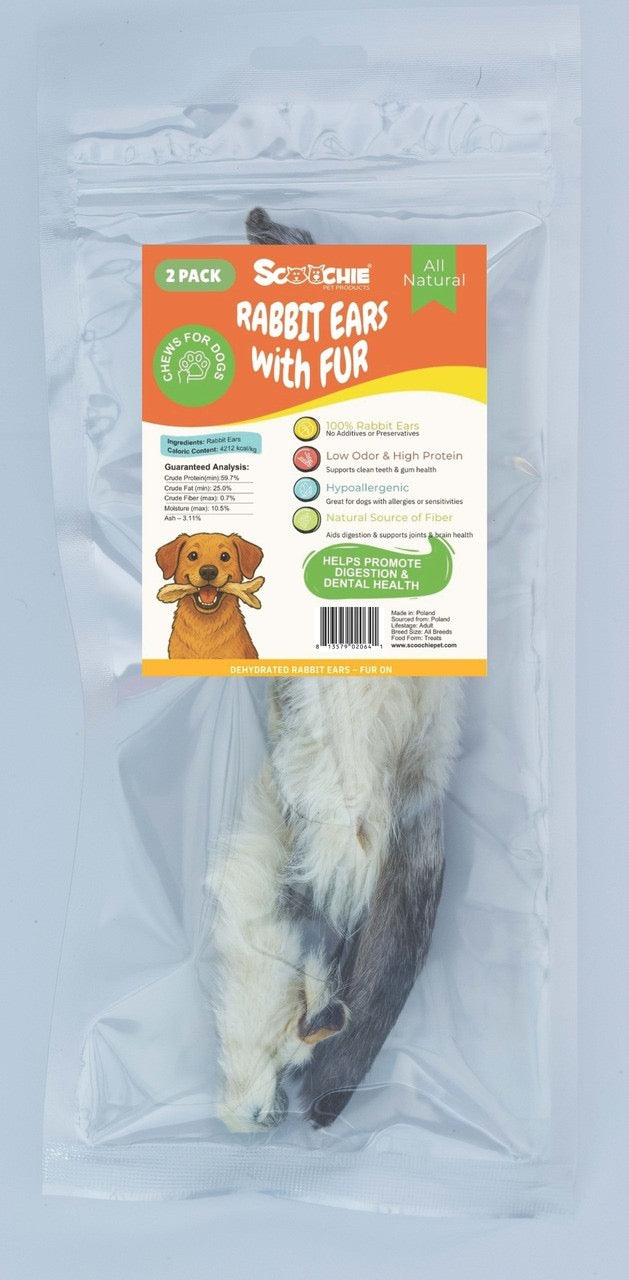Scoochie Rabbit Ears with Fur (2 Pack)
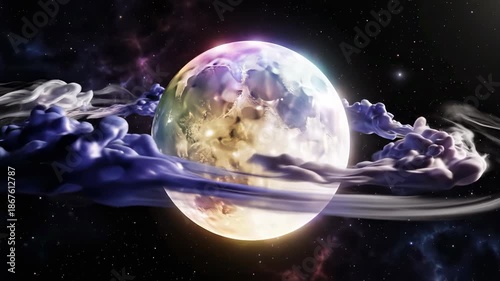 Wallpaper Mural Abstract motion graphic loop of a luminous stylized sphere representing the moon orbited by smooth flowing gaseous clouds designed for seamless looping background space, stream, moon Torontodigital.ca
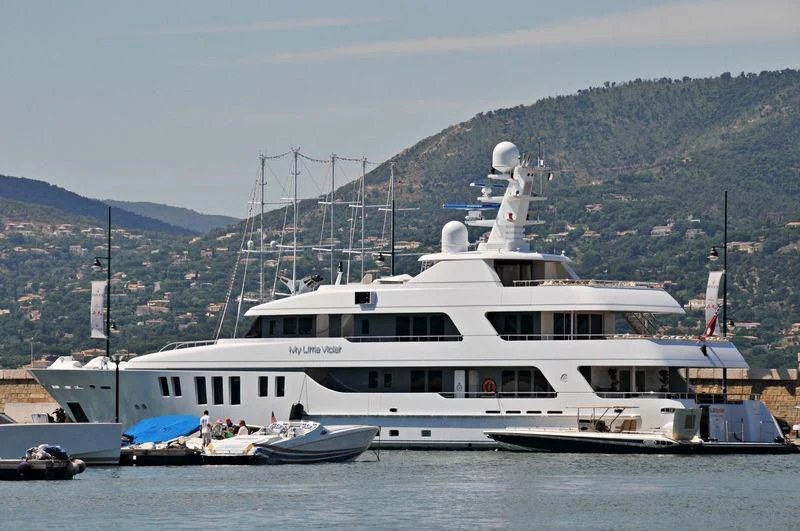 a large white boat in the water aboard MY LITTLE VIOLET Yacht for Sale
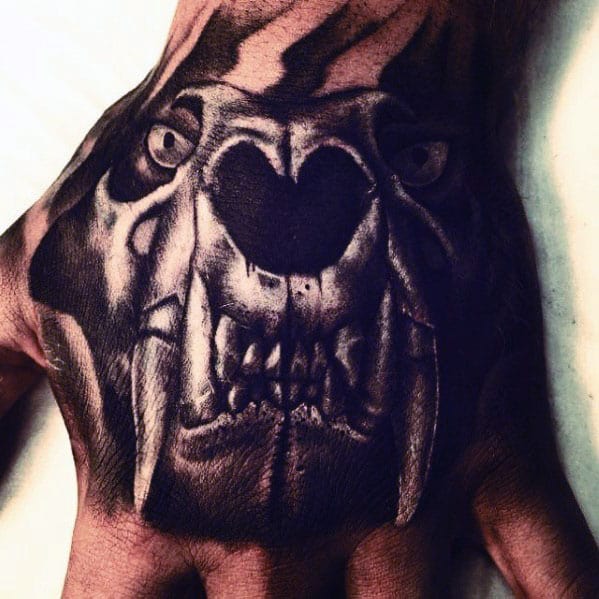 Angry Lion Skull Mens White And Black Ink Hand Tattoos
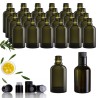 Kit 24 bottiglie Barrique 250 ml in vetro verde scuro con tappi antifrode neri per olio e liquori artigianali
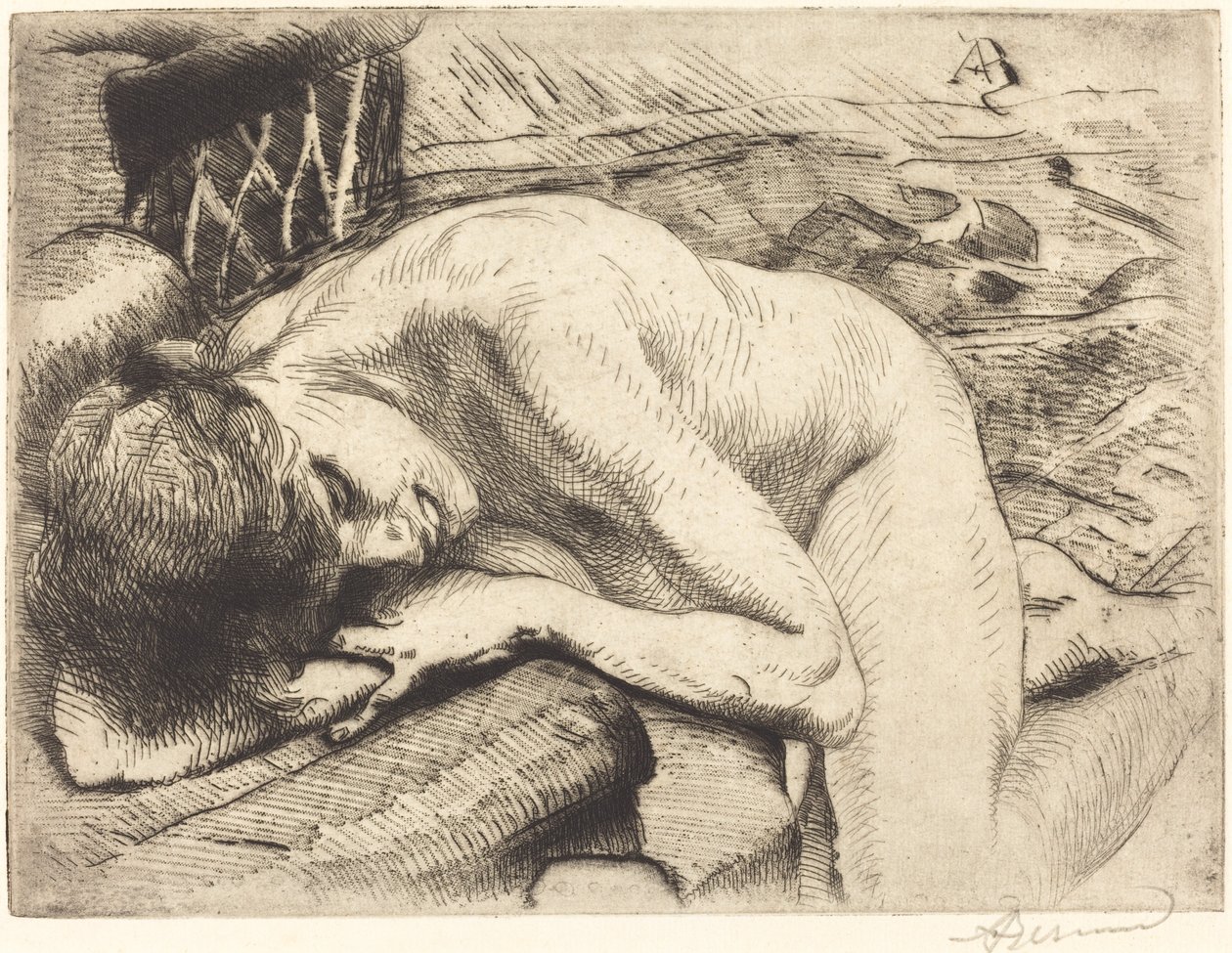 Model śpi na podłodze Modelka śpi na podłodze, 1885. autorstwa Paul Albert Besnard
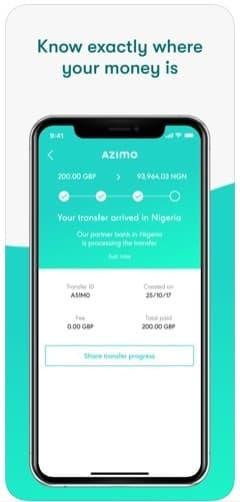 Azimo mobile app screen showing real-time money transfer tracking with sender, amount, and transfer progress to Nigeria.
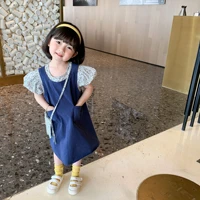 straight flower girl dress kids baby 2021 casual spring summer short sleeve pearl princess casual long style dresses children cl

-*-*-

- **Assigned task**:
Beginning with the line containing "Model śpi na" and ending with the last line of the material, output each line exactly; do not include pictures.

- **Exercise answer**:
 Model śpi na podłodze Modelka śpi na podłodze, 1885. autorstwa Paul Albert Besnard
 Azimo mobile app screen showing real-time money transfer tracking with sender, amount, and transfer progress to Nigeria.
 straight flower girl dress kids baby 2021 casual spring summer short sleeve pearl princess casual long style dresses children cl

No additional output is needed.